The American Dream - always an impossible dream for many - is dying a slow death. As the systemic causes go untreated, a host of local and national leaders are peddling scapegoating and other snake oil.

The angry, shrinking middle class is misled into thinking that those lower on the economic ladder are pulling them down, when in reality those on top are rising at the expense of those below. People who should be working together to transform the economic policies that are hurting them are instead turning hatefully on each other.

Since 1973, reports the Children’s Defense Fund, “most of the fastest increases in poverty rates occurred among young white families with children, those headed by married couples, and those headed by high school graduates. For all three groups, poverty rates more than doubled in a single generation, reaching levels that most Americans commonly assume afflict only minority and single-parent families.”

We have a surplus of greed and a deficit of justice.

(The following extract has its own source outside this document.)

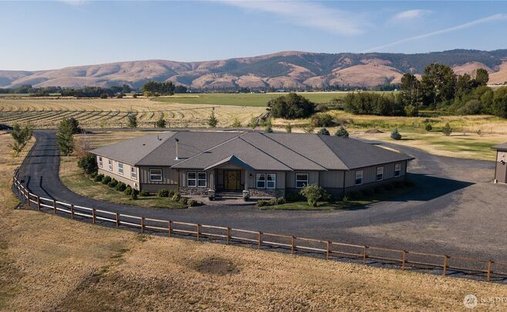 House in Ellensburg, Washington, United States 1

The federal budget deficit - produced by military spending and large tax cuts for corporations and the wealthy - has been used, as conservatives intended, as a permanent enforcer of cutbacks in social services and public works. The military budget consumes resources. Subsides for corporations and the well-off remain high - while programs to invest in people, infrastructure and the environment are sacrificed on the altar of deficit reduction.

We are destroying the building blocks of a decent future. In 1944, President Roosevelt proposed an Economic Bill of Rights, recognizing that “true individual freedom cannot exist without economic security.”

It is time to stop building more prison cells, and instead build the foundation of income security, child care and education. It is time to adopt an updated Economic Bill of Rights.